═══ RECORD SET ═══

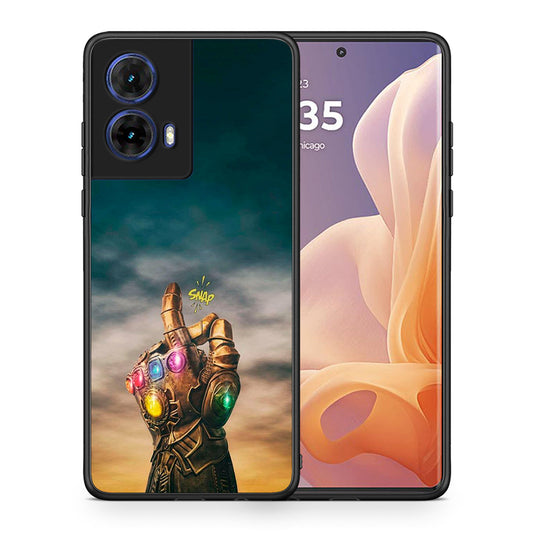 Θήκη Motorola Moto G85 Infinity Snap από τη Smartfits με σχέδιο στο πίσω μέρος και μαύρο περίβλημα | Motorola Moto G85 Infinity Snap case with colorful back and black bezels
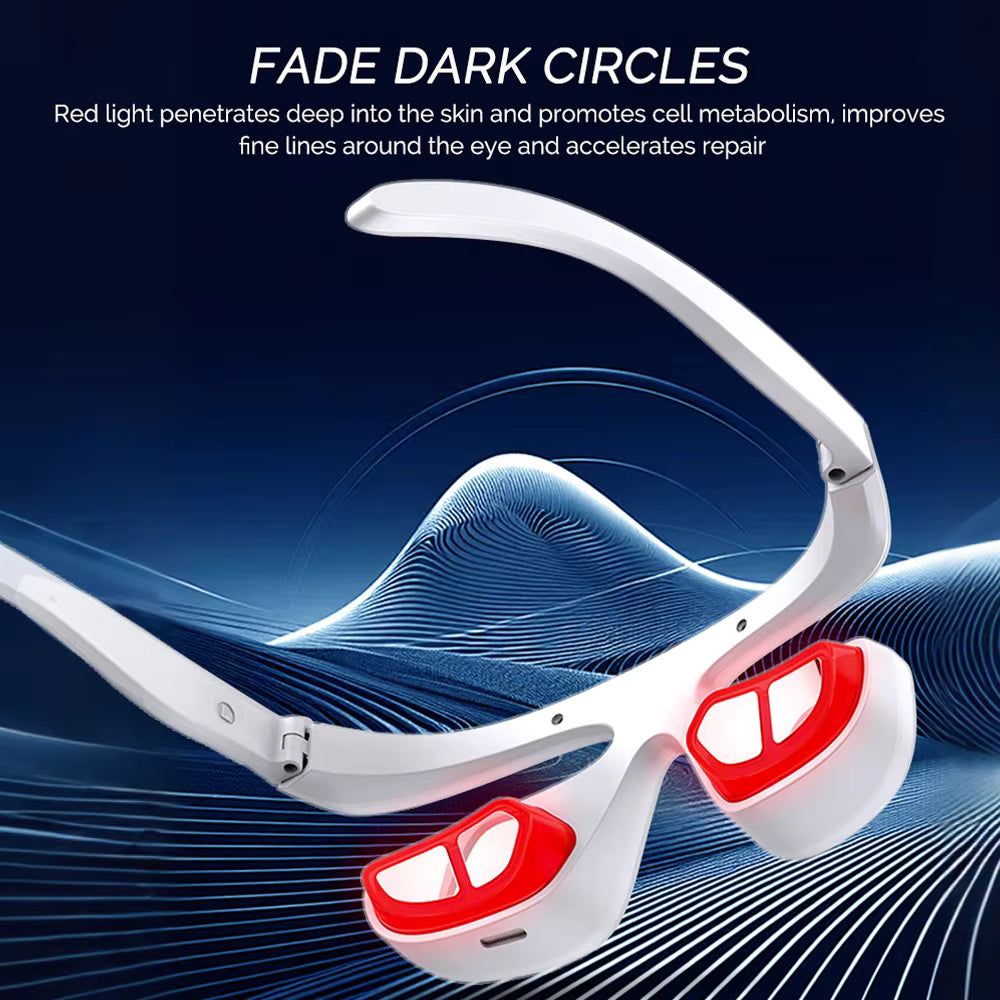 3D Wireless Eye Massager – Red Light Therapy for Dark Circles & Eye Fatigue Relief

═══
═══ RECORD SET ═══

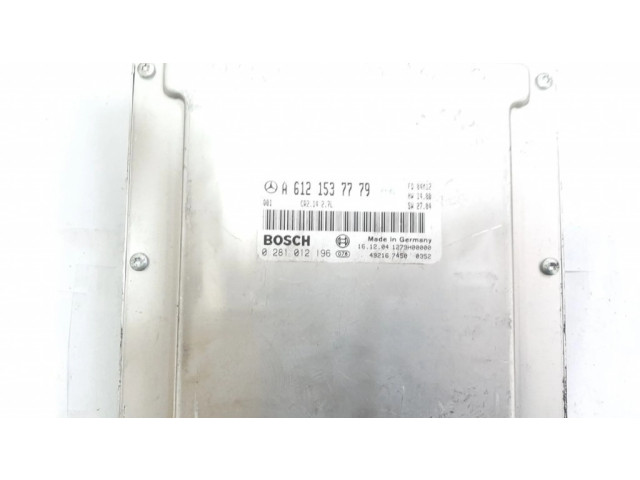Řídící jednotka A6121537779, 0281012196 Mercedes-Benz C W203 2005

═══
═══ RECORD SET ═══

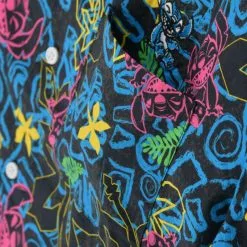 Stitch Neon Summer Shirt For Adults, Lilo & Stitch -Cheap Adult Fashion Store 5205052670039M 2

═══

> **WHAT THE EXERCISE ASKS**
Everything above from the line with "Θήκη Motorola Moto" through the line with "3D Wireless Eye" should be retyped exactly, and nothing else; omit pictures.

> **TASK SOLUTION**
 Θήκη Motorola Moto G85 Infinity Snap από τη Smartfits με σχέδιο στο πίσω μέρος και μαύρο περίβλημα | Motorola Moto G85 Infinity Snap case with colorful back and black bezels
 3D Wireless Eye Massager – Red Light Therapy for Dark Circles & Eye Fatigue Relief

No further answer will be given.